In fact, while DF-26 launches have been observed at the Jilantai site through satellite imagery, most sources cite the Taklamakan Desert as the main test site for this series of missiles.
Quibbles aside, these details are rooted in reality, providing a credible foundation for the fiction that follows. Pushing the boundaries of believability is “the ultra-secretive program to develop ongoing generations of genetically enhanced service men and women.”
For this fictive initiative Gardner comes up with the codename Project 49, presumably in reference to the goal of restoring glory to China by that year — the centennial of the PRC’s founding. The year has been earmarked by Xi Jinping in (習近平) conjunction with another of his pet slogans, the “Chinese Dream.”
UNMANNED OUTPOST
An outstanding product of Project 49 is Private First Class Jian Zhang, a member of the elite Jiaolong Commandos (Sea Dragons, 蛟龍突擊隊), the frogmen who are tasked with leading the first incursion into Taiwanese territory with a nighttime attack on Kinmen County’s Lieyu Island.

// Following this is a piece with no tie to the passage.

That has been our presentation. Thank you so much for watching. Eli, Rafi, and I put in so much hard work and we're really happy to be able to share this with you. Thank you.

This outpost, which was heavily bombarded during the Second Taiwan Strait Crisis of 1958, is portrayed as woefully undefended in terms of manpower, which given the reduction of forces there to bare bones levels over the decades, is not inaccurate. Defense analysts may well argue that this does not account for its considerable defensive infrastructure.

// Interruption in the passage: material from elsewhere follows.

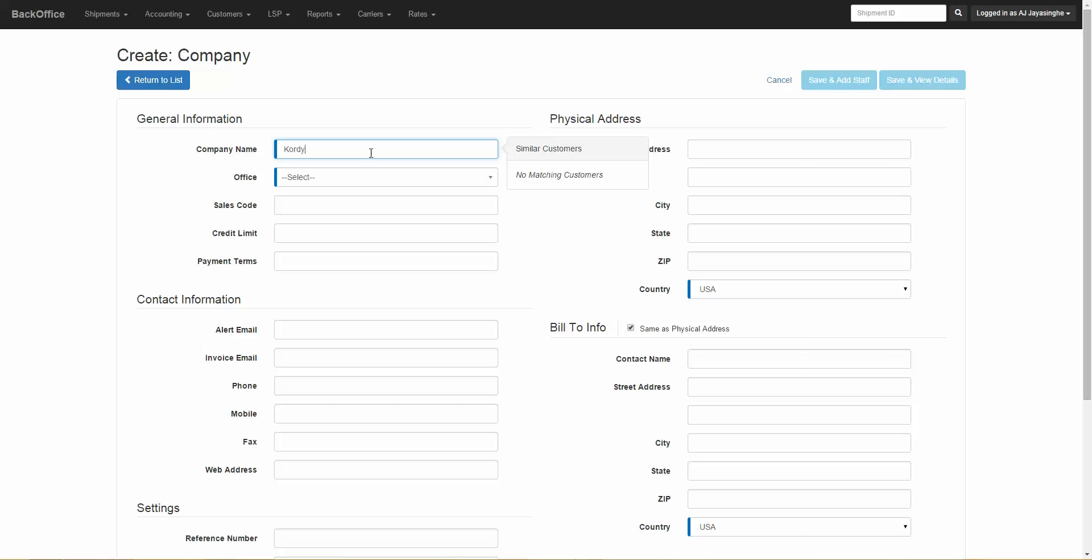If the customer does exist in the system, you can still enter the same company name. There are situations where the same company might exist in different states or different parts of the country.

Shot up with respirocytes — artificial blood cells that, as far as we know, remain at a hypothetical level in current science — Zhang and his ilk gain superhuman powers, including the ability to hold their breathe under water for up to four hours and to recover, as Zhang does, from what would normally be grievous injuries in a matter of days,
Against the geopolitical backdrop of a Chinese warship firing missiles across the bows of a British destroyer off Taiwan’s coast and the response of the trilateral AUKUS submarine partnership to the Chinese threat, is the kidnapping in Hong Kong of English environmental scientist Dr Hannah Slade working as a “clean skin” collector for the UK’s MI6.
STATING THE OBVIOUS
Squished with a piece of gum to a gap between her teeth is a tiny hard drive supplied by a top British asset with access to the upper echelons of the CCP’s security apparatus. The prevention of the invasion and, with it, World War III may hinge on her rescue.
Eventually the trail leads to Macau, then Taipei, where Carlton and his partner have a fateful run in with mobsters from the Celestial Alliance (天道盟), eventually taking them to a remote temple retreat in Taiwan’s Central Mountain Range.

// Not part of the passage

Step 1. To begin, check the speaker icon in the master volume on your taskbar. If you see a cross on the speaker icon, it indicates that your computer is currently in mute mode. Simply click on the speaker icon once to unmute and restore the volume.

There are a fair few inconsistencies in Gardner’s text: shortly after the missile test overseen by Colonel General Chen, we are introduced to Taiwanese Master Sergeant Wu Chi-ming at Hsiaohsuehshan radar station. He is from then on referred to as Master Sergeant Chi-ming. Basic stuff like this could have been sorted by any editor with a basic understanding of Chinese nomenclature.
The constant spelling out of geopolitical issues that would surely be clear to everyone in the room also grates: the topic of “microchips” being introduced to Cabinet members as the reason why Taiwan is important, for example. This might be hard to avoid in a book that targets a general readership but could surely have been done more subtly.
By and large, Invasion does what it says on the tin, creating an engaging thriller from a scenario that is currently prominent in both political and public discourse.